在create_haead中,將原本resnet34的heder替換成U-Net decoder

def create_head(
num_features: int,
num_classes: int,
lin_ftrs: Optional[List[int]] = None,
ps: float = 0.5,
pool: bool = True,
concat_pool: bool = True,
first_bn: bool = True,
bn_final: bool = False,
lin_first: bool = False,
y_range: Optional[Tuple[float, float]] = None
) -> UnetBlock:
"""Create U-Net decoder head.

Args:
num_features: Number of input features from encoder
num_classes: Number of output classes
lin_ftrs: Linear layer features (unused for U-Net)
ps: Dropout probability (unused)
pool: Whether to use pooling (unused)
concat_pool: Whether to use concatenated pooling (unused)
first_bn: Whether to use batch norm first (unused)
bn_final: Whether to use final batch norm (unused)
lin_first: Whether to use linear layer first (unused)
y_range: Output range (unused)

Returns:
U-Net decoder block
"""
return UnetBlock(num_features, num_classes)

head = create_head(
ENCODER_OUTPUT_FEATURES,
num_classes,
lin_ftrs=[512, 512],
lin_first=True
)


底下可以清楚的看到decoder的脈絡,

程式先將encoder的output跟decoder的input 併列在一起,透過conv block降維,再做upsampling,讓輸出能夠和輸入的寬高維持在同樣(或接近)的大小


在Final classification layer這層,我們要將output的維度轉為class number,目的是讓每個pixel都有class number的維度,才能在預測中挑出預測率最高的項目。
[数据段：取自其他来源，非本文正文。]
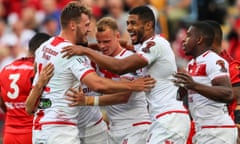 England celebrate after a try in the semi-final against Tonga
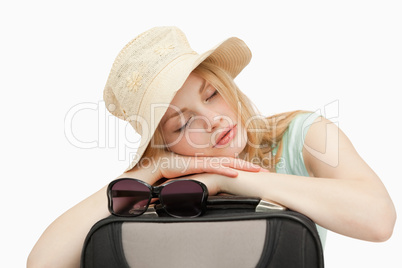 Woman asleep while leaning on a suitcase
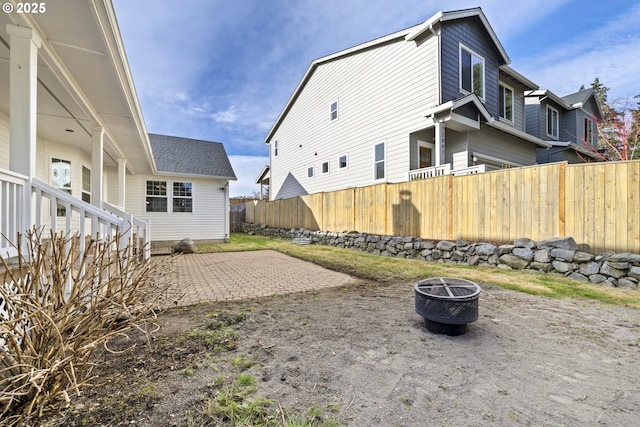 view of yard featuring a patio area and an outdoor fire pit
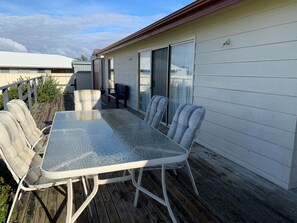 Enjoy al fresco dining or relaxation on this outdoor patio with a glass-top table and comfortable seating for four.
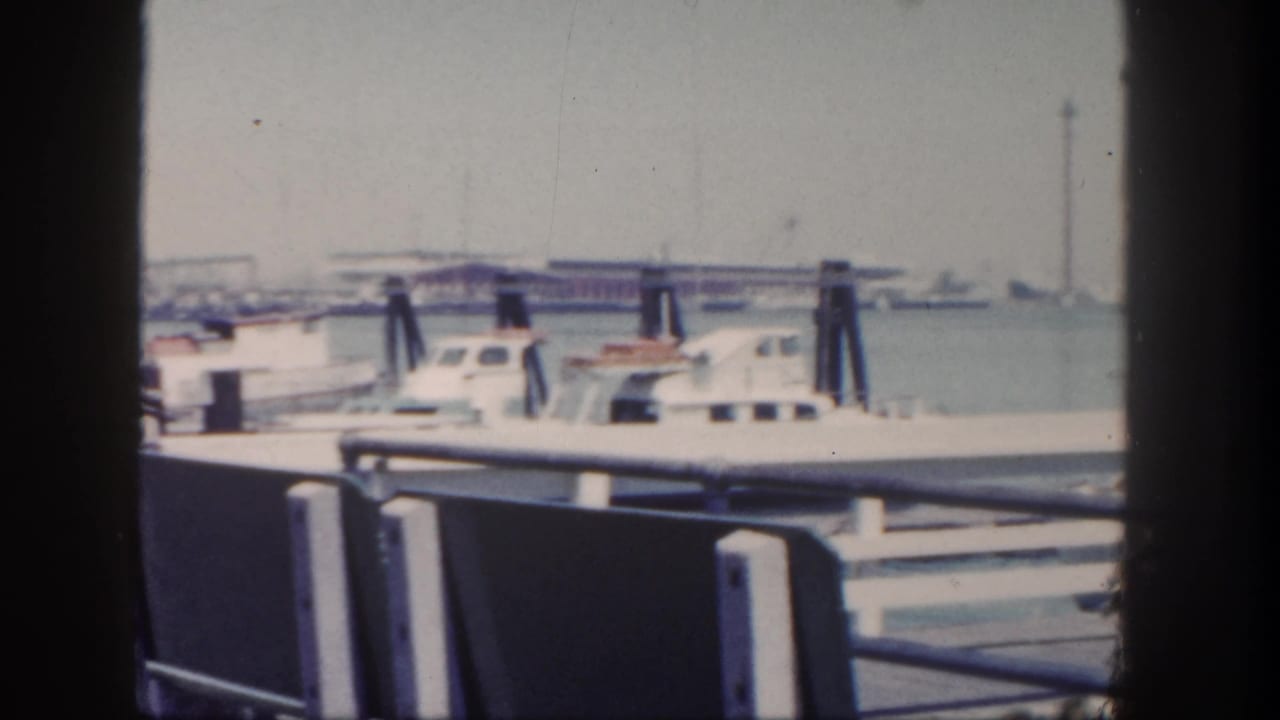 Pier railing and benches frame docked boats with water and shoreline beyond.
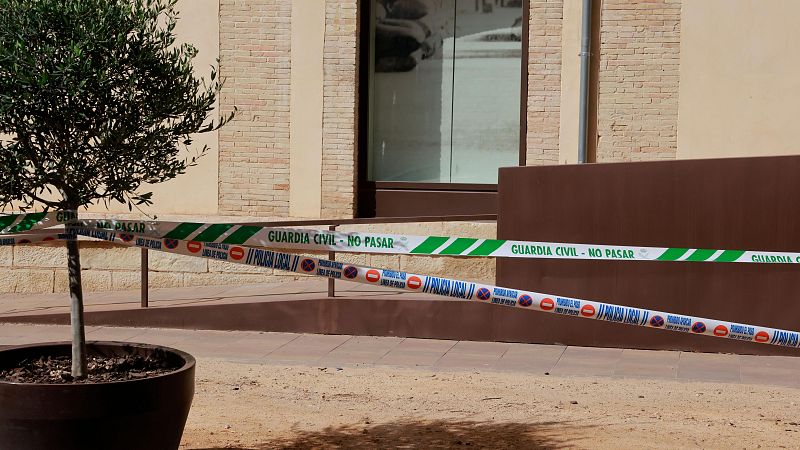 Acceso a un edificio acordonado con cintas de balizamiento policial de la Guardia Civil y Policía Local durante el día.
class UnetBlock(nn.Module):

def __init__(self, num_features: int, num_classes: int, stride: int = 1):
"""Initialize U-Net decoder block.

Args:
num_features: Number of input features from encoder
num_classes: Number of output segmentation classes
stride: Stride for convolution blocks
"""
super().__init__()

# Decoder blocks with progressively fewer features
self.block = self._create_conv_block(num_features * 2, num_features, stride)
self.block2 = self._create_conv_block(num_features, num_features // 2, stride)
self.block4 = self._create_conv_block(num_features // 2, num_features // 4, stride)
self.block8 = self._create_conv_block(num_features // 4, num_features // 8, stride)

# Upsampling layers
self.upsample_2x = UpsampleConv(num_features, num_features // 2, scale=2, k=2)
self.upsample_4x = UpsampleConv(num_features // 2, num_features // 4, scale=2, k=2)
self.upsample_8x = UpsampleConv(num_features // 4, num_features // 8, scale=2, k=2)
self.upsample_8x_static = UpsampleConv(num_features // 8, num_features // 8, scale=2, k=2)
self.upsample_16x_static = UpsampleConv(num_features // 8, num_features // 8, scale=2, k=2)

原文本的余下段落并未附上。